Get ready for some CHAOS
- Kris Harrell

- Feb 8, 2024
- 3 min read

Published with The Tropolitan on Feb. 8, 2024.
These days, the origin of the universe is explained by proposing a big bang; a single event bringing into being all of the matter from which everything and everyone is made. The ancient Greeks had a different idea.
This line from “Mythos” by Stephen Fry can quickly summarize the Troy University Theatre and Dance Department’s original production of “CHAOS,” a choreographed retelling of the Greek creation myth.
“Unlike dance productions we have done in the past, ‘CHAOS’ tells a sustained story, so rather than seeing individual stand-alone pieces, the audience will experience dance much as they would film,” said Deborah Hicks, the coordinator of dance for the Theatre and Dance Department and director of “CHAOS.”
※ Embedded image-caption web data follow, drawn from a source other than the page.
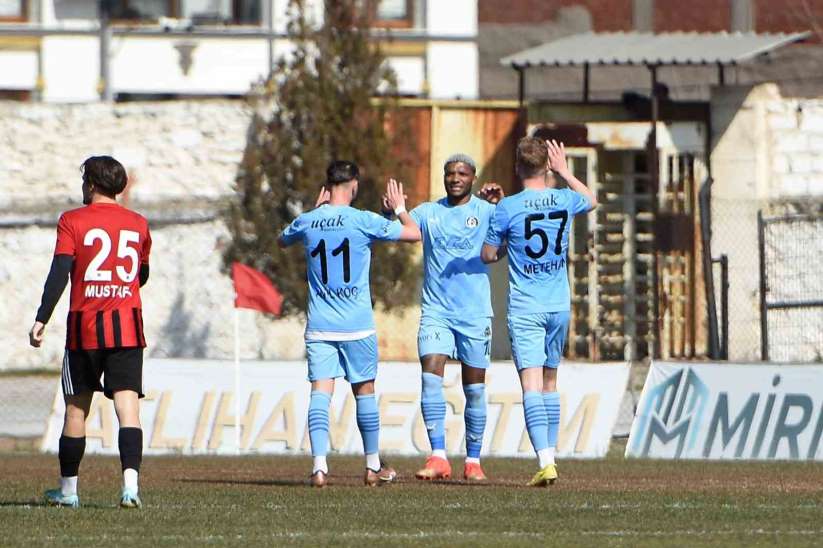 Manisa FK, hazrlk maçnda Turgutluspor'u 3-2 malup etti - Manisa haber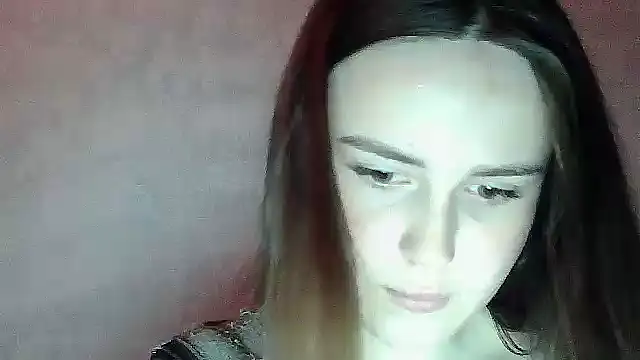 SweetLoraa online show from May 2026 10:18:02 PM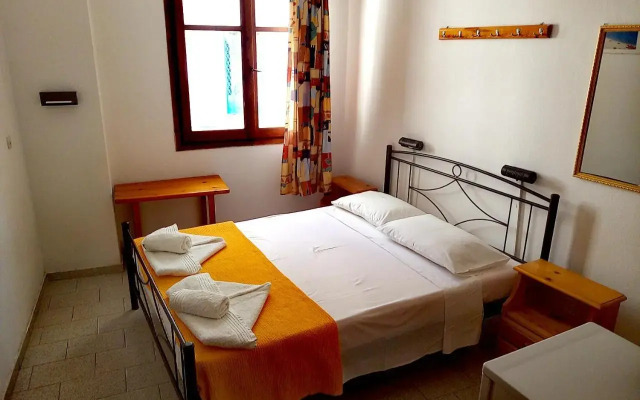 To Gefyraki Rooms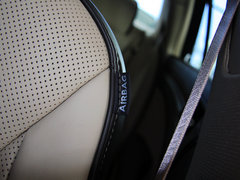 2013款 3.6L 自动 尊崇版
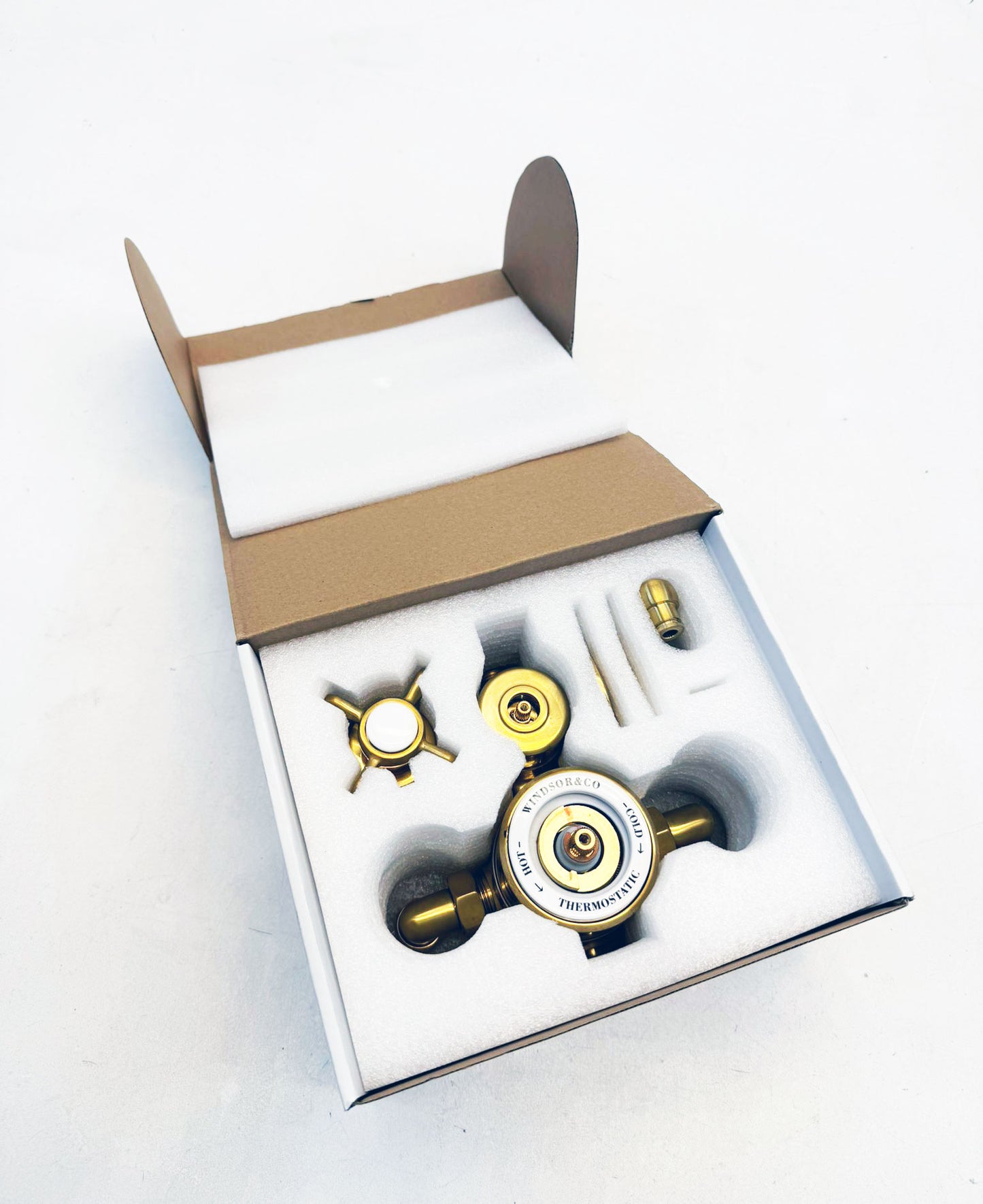 Windsor & Co klassieke losse opbouw thermostaatkraan met één weg, gepolijst messing (living color)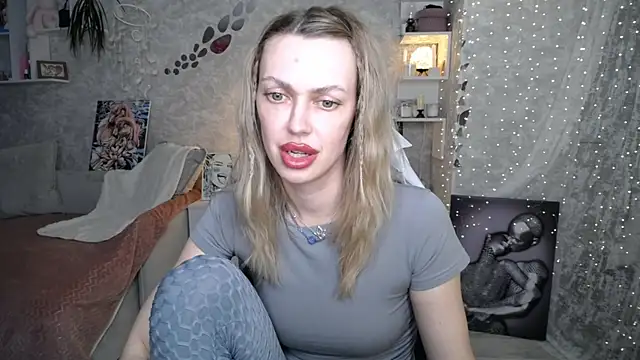 NickyAdamidiのライブXXXチャット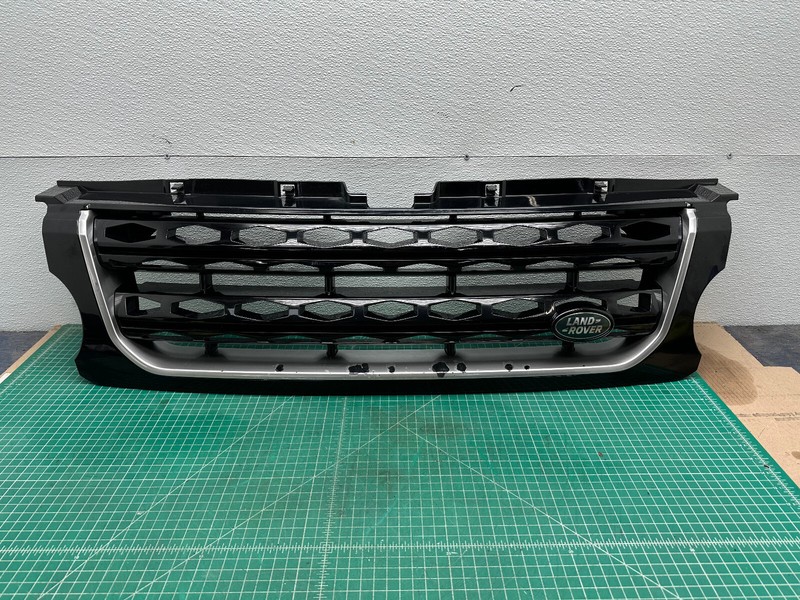 14-16 LAND ROVER LR4 FRONT BUMPER GRILLE W/ EMBLEM OEM
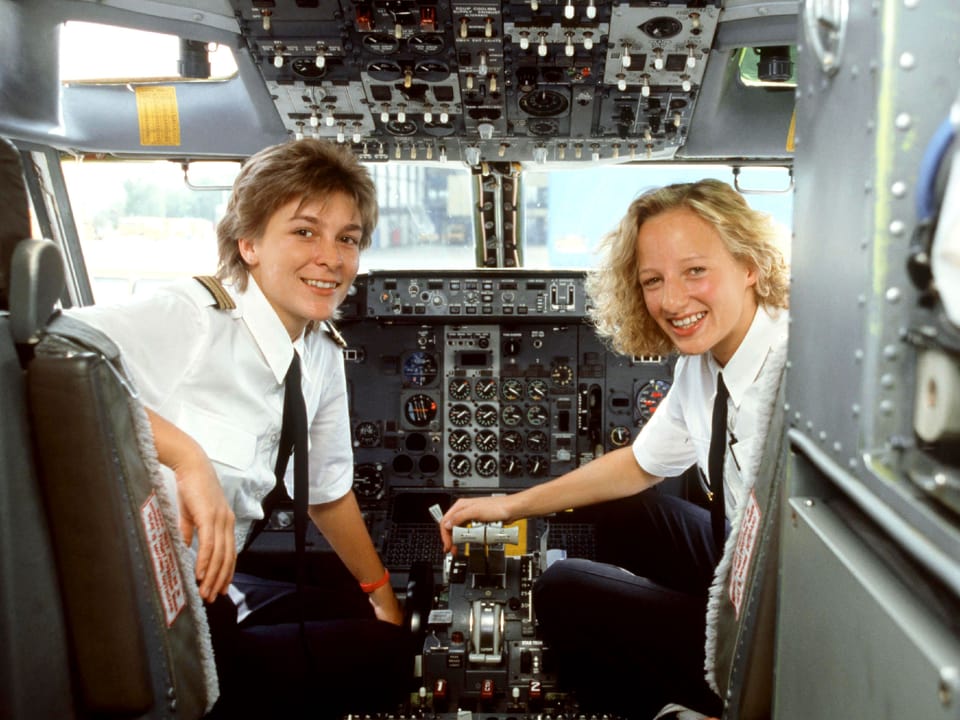 Zwei Frauen im Cockpit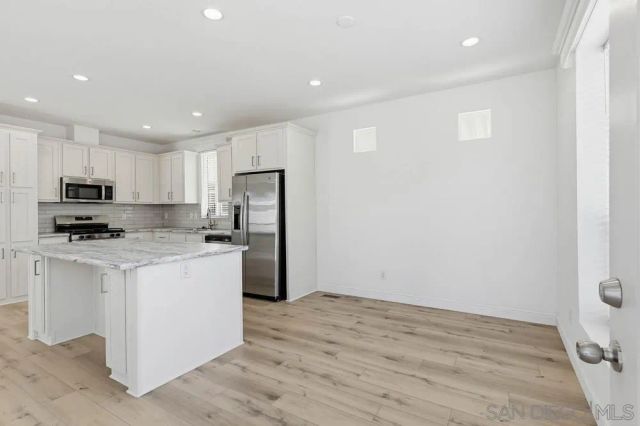 1951 47th 43, San Diego, CA 92102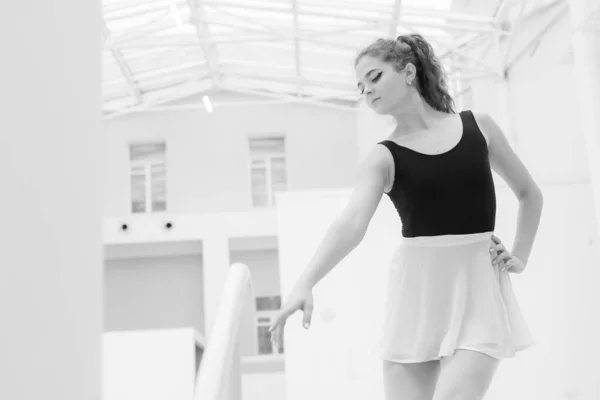 Foto hitam dan putih dari balerina muda yang ramping dan fleksibel. BW — Stok Foto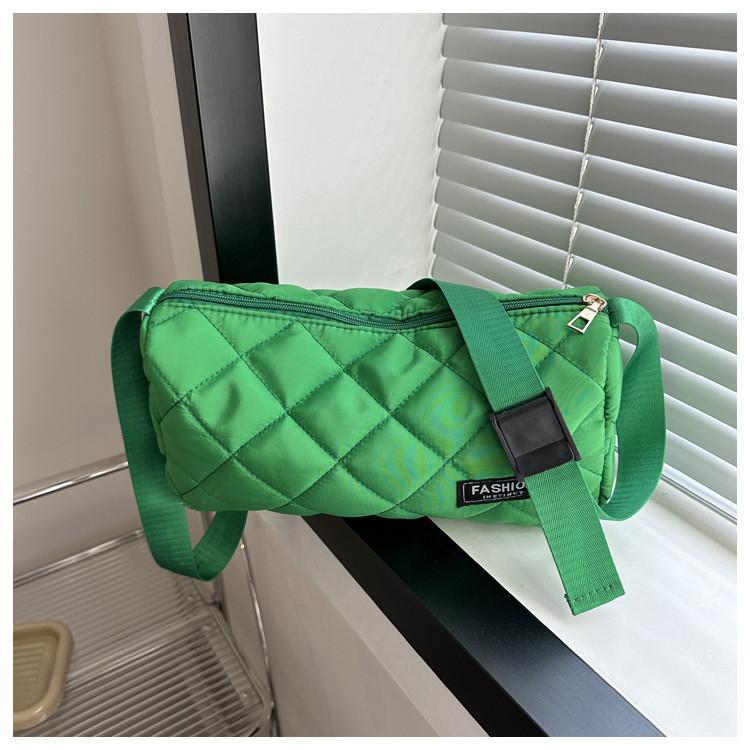 Stylish Oxford Cloth Tote Bag For Women With Quilted Design And Zipper Closure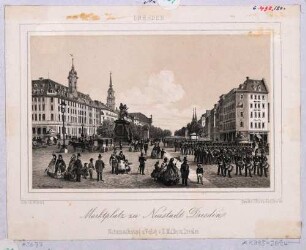 Dresden, der Neustädter Markt nach Norden, Blick von der Brücke an der Neustädter Wache (Blockhaus) auf das Reiterstandbild August des Starken (Goldener Reiter), das Neustädter Rathaus und die Hauptstraße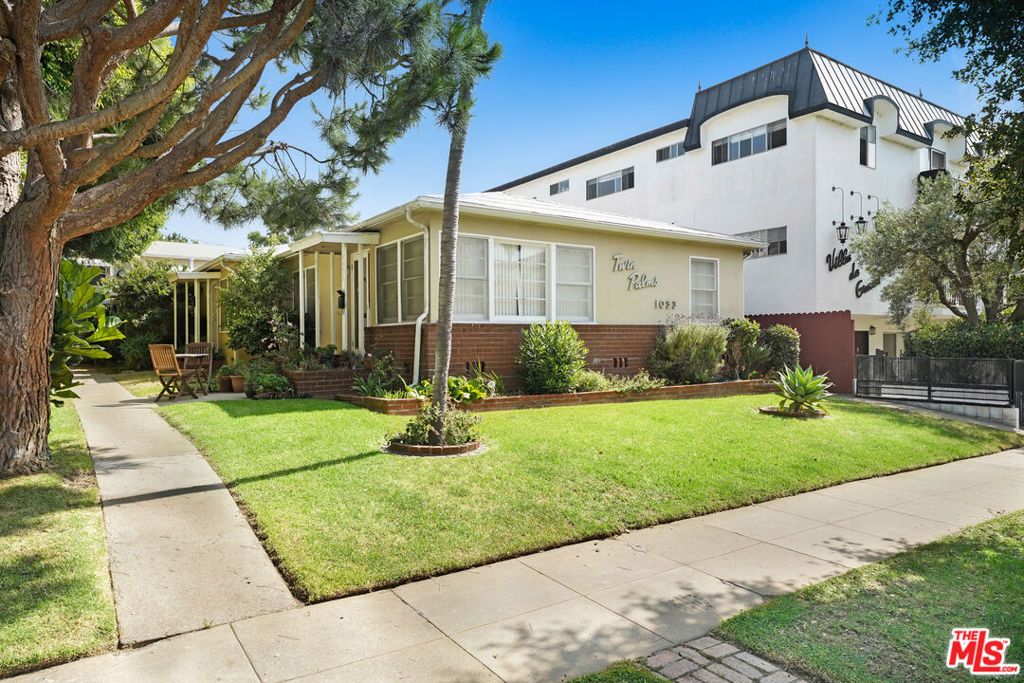 Photo of 1031 10th Street, Santa Monica, CA 90403 (MLS # 25628553)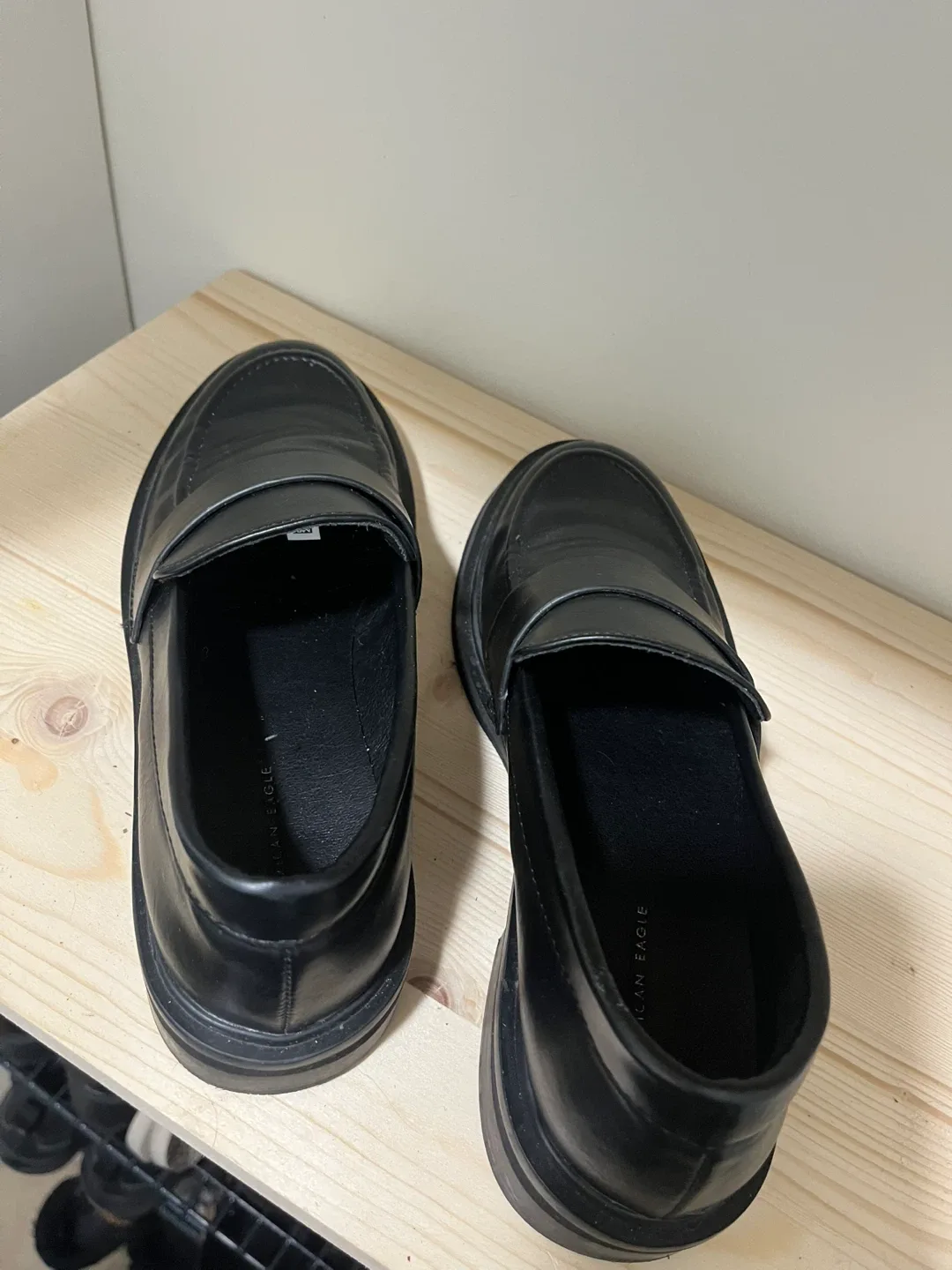American Eagle Black Loafers Size 7 thumbnail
Since 2008, Hicks has experimented with the idea of Greek and Roman myth, aided by her previous experience as a literature teacher for 36 years. It wasn’t until three years ago when the idea solidified in her head.
“I was listening to a random mix when Debbie Wiseman’s ‘Story of Chaos’ began to play,” Hicks said. “When Stephen Fry began to narrate, I stopped, sat down on a wall in someone’s front yard and listened to it at least three times before I resumed my walk.
“There was no doubt in my mind that I was listening to a dance concert, and a really exceptional one.”
It took three years for the dance department to dip their toes into creating this original work, however they soon found themselves “embedded in myth.”
“It’s a journey from chaos, to order, and back to chaos again,” said James Boyd, a professor of dance for Troy University, and choreographer for “CHAOS.”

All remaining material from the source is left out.